The amendment to the 2013 appropriations bill, which would have prohibited the department from using funds to close the branches in Atlanta, Cleveland, Dallas and Philadelphia, failed 189-235 in a recorded vote. It was sponsored by Rep. John Lewis (D-Ga.) and co-sponsored by Rep. Hank Johnson (D-Ga.).
Lewis argued on the floor that the closures will not save the $8 million the department has projected it will and would deplete the department of the resources needed to carry out antitrust investigations in those regions. Under pressure to reduce spending with a strained budget, the department announced  it would consolidate the offices in 2011 and that the 94 positions in those offices would be reassigned to the remaining offices. A department spokesperson could not immediately be reached for comment on Friday, but officials have said previously that the closures will not affect enforcement.

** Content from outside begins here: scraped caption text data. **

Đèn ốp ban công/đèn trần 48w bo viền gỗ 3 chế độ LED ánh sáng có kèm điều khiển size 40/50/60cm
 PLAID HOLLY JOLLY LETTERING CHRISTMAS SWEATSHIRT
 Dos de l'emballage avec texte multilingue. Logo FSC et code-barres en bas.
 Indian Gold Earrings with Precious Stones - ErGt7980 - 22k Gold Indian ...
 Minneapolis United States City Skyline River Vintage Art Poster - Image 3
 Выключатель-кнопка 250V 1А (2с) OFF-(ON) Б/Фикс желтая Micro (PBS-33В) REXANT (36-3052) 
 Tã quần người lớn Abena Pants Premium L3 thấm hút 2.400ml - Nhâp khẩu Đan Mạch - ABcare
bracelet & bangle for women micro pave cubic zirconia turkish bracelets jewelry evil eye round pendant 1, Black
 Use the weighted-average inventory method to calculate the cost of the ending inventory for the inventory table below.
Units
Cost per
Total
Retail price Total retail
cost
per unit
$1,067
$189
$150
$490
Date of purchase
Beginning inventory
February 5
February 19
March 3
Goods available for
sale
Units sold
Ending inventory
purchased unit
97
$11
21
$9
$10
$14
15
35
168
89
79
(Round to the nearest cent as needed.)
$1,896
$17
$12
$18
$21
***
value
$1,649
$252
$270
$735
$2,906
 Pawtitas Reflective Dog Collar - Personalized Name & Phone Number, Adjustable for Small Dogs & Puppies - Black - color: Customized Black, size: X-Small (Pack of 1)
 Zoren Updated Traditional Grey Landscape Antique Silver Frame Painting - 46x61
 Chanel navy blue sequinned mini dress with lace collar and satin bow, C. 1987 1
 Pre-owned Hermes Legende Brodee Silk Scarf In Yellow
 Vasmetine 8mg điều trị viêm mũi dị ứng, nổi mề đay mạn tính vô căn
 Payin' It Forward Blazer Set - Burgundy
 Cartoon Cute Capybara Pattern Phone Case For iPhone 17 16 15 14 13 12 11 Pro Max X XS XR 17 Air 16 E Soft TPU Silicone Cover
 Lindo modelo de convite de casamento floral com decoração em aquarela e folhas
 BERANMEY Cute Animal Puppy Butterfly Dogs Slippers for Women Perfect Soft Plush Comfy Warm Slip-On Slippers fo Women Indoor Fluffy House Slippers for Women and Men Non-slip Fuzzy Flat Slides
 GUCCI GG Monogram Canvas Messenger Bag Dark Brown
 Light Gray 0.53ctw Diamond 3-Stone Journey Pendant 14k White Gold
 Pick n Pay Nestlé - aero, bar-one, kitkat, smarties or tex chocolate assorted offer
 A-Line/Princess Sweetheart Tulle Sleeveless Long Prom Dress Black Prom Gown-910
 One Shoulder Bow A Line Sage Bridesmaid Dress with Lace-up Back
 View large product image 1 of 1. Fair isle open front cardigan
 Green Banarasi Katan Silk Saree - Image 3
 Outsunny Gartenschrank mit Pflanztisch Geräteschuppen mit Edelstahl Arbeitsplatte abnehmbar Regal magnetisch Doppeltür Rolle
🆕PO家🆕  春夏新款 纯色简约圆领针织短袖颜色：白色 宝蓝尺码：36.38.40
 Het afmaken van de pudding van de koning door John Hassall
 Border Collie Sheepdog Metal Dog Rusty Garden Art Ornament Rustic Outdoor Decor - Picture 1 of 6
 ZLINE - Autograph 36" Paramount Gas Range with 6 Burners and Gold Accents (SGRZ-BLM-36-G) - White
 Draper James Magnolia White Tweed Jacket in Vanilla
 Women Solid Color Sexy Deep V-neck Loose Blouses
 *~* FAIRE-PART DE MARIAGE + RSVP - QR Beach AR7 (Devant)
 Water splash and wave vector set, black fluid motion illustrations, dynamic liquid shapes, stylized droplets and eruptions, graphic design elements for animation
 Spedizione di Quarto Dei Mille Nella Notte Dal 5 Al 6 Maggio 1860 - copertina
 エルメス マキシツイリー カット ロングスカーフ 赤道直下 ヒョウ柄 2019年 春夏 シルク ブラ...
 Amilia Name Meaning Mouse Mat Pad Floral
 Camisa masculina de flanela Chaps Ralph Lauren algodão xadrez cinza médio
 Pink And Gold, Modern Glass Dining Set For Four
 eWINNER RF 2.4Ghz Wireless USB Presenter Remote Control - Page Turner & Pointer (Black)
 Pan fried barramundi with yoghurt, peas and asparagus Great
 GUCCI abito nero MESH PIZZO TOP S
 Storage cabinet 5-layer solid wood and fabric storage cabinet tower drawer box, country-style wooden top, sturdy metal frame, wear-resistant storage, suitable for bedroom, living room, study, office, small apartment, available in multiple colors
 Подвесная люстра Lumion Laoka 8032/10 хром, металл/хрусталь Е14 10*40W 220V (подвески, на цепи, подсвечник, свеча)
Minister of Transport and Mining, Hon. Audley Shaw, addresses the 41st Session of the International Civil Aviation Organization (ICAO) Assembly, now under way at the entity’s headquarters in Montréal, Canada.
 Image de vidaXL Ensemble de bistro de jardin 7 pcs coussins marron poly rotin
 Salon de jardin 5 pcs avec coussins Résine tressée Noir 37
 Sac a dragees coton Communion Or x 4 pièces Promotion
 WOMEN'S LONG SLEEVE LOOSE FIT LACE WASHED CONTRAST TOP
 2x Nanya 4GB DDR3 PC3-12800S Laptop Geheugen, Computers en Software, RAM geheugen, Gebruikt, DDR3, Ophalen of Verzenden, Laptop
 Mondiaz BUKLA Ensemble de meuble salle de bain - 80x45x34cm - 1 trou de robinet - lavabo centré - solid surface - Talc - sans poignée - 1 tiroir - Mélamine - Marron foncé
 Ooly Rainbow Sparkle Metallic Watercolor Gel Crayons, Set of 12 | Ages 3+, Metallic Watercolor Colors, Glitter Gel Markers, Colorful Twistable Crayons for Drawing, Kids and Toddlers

“Over the past 11 years, the Atlanta field office alone brought in over $265 million in fines and restitution,” Lewis said on the House floor Wednesday night. “Let me be clear that is a 600 percent rate of return on this investment. What better proof do you need?”
The amendment was also supported by Rep. Sanford Bishop (D-Ga.).
“I’m deeply concerned that this action will seriously undermine the division’s ability to enforce antitrust laws by limiting the boots on the ground,” Bishop said on the floor.
After the original failed voice vote, Rep. Frank Wolf (R-Va.), Chairman of the House Appropriations subcommittee on Commerce, Justice and science, said he would arrange a meeting between the individuals who spoke for the amendment and the department.
Wolf spokesman Dan Scandling confirmed Wolf’s office was in the process of setting up the meeting. Scandling declined to comment on what outcome Wolf was hoping to see from the meetings. Wolf opposed the amendment on the House floor.
“This was not done by our committee,” Wolf said Wednesday night. “This was done by the Justice Department, by the administration.”
The amendment vote came a few weeks after Sen. Herb Kohl (D-Wis.) sent a letter  to the DOJ urging the leadership to keep the offices open, citing that $6 million of the $8 million expected to be saved would be from personnel leaving the department, as well as the millions to be paid to the Treasury Department as the result of criminal fines.
Antitrust Division leaders from all but one field office wrote a letter to former Assistant Attorney General Sharis Pozen in Feburary, asking the department to keep the offices open.
Correction May 14, 2012: This article initially misidentified Sen. Herb Kohl. Main Justice regrets the error.